**BRIEF:** Please reproduce verbatim the lines below, from the first through the one with "NORMA Bossoli 6.5x55 SE #20265517 (50pz)".

BEGIN INFORMATION SHOWN

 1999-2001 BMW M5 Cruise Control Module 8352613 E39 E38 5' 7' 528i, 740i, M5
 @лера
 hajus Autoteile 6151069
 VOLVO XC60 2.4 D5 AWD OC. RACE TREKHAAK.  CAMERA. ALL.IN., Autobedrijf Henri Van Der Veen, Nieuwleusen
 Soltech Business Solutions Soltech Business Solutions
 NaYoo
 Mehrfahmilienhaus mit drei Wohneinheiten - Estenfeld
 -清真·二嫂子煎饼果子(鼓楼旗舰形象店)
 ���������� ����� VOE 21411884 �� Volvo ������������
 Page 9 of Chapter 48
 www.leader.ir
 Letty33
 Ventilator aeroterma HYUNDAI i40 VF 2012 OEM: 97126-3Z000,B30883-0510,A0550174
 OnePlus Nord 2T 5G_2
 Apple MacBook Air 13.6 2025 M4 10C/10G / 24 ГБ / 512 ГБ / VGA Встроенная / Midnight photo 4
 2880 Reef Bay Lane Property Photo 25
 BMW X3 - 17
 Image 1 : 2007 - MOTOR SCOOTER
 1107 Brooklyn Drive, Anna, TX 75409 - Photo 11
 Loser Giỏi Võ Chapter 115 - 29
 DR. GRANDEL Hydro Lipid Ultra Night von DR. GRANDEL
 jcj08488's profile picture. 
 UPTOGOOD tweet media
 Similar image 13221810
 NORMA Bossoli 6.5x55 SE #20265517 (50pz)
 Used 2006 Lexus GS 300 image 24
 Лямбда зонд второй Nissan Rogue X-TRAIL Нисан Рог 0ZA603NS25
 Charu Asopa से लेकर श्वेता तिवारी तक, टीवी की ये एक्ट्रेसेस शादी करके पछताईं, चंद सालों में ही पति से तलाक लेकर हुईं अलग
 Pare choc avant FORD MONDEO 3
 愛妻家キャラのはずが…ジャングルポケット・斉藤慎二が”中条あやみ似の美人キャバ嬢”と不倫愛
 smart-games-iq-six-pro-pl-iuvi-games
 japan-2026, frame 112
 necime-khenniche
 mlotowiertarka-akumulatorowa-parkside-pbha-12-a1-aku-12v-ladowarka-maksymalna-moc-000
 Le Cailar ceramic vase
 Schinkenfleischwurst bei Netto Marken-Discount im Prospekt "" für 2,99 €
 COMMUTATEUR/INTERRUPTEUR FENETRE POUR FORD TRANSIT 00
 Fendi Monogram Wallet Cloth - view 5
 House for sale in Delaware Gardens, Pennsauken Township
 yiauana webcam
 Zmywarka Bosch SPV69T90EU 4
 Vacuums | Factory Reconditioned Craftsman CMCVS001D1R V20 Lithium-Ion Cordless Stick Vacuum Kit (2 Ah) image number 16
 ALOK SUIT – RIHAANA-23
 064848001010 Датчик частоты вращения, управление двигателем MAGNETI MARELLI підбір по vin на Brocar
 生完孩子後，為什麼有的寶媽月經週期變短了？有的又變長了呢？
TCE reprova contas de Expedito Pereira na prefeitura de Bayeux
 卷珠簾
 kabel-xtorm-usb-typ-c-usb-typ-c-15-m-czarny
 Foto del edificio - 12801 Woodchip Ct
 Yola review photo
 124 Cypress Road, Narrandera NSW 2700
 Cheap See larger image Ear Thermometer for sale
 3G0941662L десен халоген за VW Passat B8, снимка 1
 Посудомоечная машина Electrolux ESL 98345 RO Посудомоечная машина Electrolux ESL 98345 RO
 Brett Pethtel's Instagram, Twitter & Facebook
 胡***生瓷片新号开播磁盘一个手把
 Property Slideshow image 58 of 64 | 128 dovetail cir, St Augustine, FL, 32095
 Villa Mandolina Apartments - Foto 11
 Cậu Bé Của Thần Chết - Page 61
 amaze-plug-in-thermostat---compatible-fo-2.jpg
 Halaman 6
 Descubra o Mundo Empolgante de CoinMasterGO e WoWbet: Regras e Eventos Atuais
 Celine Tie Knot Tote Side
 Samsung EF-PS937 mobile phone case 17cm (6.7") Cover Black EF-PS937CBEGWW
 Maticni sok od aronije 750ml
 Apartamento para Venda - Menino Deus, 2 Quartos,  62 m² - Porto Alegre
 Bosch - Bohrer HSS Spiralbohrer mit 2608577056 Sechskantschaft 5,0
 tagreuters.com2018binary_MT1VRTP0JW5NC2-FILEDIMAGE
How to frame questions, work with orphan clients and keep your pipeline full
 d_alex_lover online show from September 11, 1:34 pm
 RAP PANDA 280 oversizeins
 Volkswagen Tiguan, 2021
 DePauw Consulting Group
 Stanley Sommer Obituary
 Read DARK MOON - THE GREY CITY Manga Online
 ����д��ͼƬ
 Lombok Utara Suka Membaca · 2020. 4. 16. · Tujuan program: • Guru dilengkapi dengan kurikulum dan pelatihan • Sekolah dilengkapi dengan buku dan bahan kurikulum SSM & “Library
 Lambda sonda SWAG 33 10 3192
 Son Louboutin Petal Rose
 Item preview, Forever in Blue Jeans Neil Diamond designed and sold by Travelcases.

END INFORMATION SHOWN

**ANSWER TO THIS EXERCISE:**
 1999-2001 BMW M5 Cruise Control Module 8352613 E39 E38 5' 7' 528i, 740i, M5
 @лера
 hajus Autoteile 6151069
 VOLVO XC60 2.4 D5 AWD OC. RACE TREKHAAK.  CAMERA. ALL.IN., Autobedrijf Henri Van Der Veen, Nieuwleusen
 Soltech Business Solutions Soltech Business Solutions
 NaYoo
 Mehrfahmilienhaus mit drei Wohneinheiten - Estenfeld
 -清真·二嫂子煎饼果子(鼓楼旗舰形象店)
 ���������� ����� VOE 21411884 �� Volvo ������������
 Page 9 of Chapter 48
 www.leader.ir
 Letty33
 Ventilator aeroterma HYUNDAI i40 VF 2012 OEM: 97126-3Z000,B30883-0510,A0550174
 OnePlus Nord 2T 5G_2
 Apple MacBook Air 13.6 2025 M4 10C/10G / 24 ГБ / 512 ГБ / VGA Встроенная / Midnight photo 4
 2880 Reef Bay Lane Property Photo 25
 BMW X3 - 17
 Image 1 : 2007 - MOTOR SCOOTER
 1107 Brooklyn Drive, Anna, TX 75409 - Photo 11
 Loser Giỏi Võ Chapter 115 - 29
 DR. GRANDEL Hydro Lipid Ultra Night von DR. GRANDEL
 jcj08488's profile picture. 
 UPTOGOOD tweet media
 Similar image 13221810
 NORMA Bossoli 6.5x55 SE #20265517 (50pz)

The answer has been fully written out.